Task objective.
Nothing outside the lines below from the one containing "下村氏に感謝状を贈呈し記念撮影をする市長の写真" through the one containing "a dining room" is to be printed; print those exactly, ends included, and drop the pictures.

Task inputs.
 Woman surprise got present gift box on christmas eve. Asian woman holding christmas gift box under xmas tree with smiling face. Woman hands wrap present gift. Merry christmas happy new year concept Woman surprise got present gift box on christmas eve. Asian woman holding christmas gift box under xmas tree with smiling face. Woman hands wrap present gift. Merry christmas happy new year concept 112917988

* * *

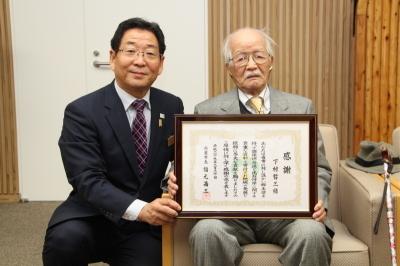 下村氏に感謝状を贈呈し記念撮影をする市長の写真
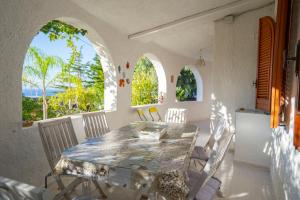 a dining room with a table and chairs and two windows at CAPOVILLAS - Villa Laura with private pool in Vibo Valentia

Solution to this task.
 下村氏に感謝状を贈呈し記念撮影をする市長の写真
 a dining room with a table and chairs and two windows at CAPOVILLAS - Villa Laura with private pool in Vibo Valentia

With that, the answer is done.